■ Material for the task ■
= = =
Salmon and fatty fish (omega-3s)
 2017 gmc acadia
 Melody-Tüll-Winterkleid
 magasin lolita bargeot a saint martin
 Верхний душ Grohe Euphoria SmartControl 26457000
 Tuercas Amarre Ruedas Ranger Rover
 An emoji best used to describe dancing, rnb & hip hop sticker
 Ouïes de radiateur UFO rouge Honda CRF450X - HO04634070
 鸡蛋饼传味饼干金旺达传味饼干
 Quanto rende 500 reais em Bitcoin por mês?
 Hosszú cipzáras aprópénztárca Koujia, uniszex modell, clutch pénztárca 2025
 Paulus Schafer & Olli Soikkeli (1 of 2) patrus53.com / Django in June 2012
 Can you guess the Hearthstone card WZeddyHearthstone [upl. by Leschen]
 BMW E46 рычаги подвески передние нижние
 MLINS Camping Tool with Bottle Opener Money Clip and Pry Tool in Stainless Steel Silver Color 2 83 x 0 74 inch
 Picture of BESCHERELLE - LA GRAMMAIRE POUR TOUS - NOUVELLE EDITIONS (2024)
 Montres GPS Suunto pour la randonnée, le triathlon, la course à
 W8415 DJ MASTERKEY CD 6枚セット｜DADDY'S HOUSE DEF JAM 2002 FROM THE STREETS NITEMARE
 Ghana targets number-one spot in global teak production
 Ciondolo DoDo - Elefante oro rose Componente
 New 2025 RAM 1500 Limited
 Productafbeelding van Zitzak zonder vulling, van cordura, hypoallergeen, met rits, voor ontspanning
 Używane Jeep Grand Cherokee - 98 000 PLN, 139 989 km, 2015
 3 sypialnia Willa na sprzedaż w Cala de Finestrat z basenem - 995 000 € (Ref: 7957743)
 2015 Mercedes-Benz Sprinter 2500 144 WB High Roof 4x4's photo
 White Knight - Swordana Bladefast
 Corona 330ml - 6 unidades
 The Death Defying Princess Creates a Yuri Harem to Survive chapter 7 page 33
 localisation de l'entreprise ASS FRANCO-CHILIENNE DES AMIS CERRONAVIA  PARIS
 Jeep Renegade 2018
= = =
■ What is needed ■
Go through the records above and return each line in which the word "Jeep" occurs.

■ Exercise solution ■
 Używane Jeep Grand Cherokee - 98 000 PLN, 139 989 km, 2015
 Jeep Renegade 2018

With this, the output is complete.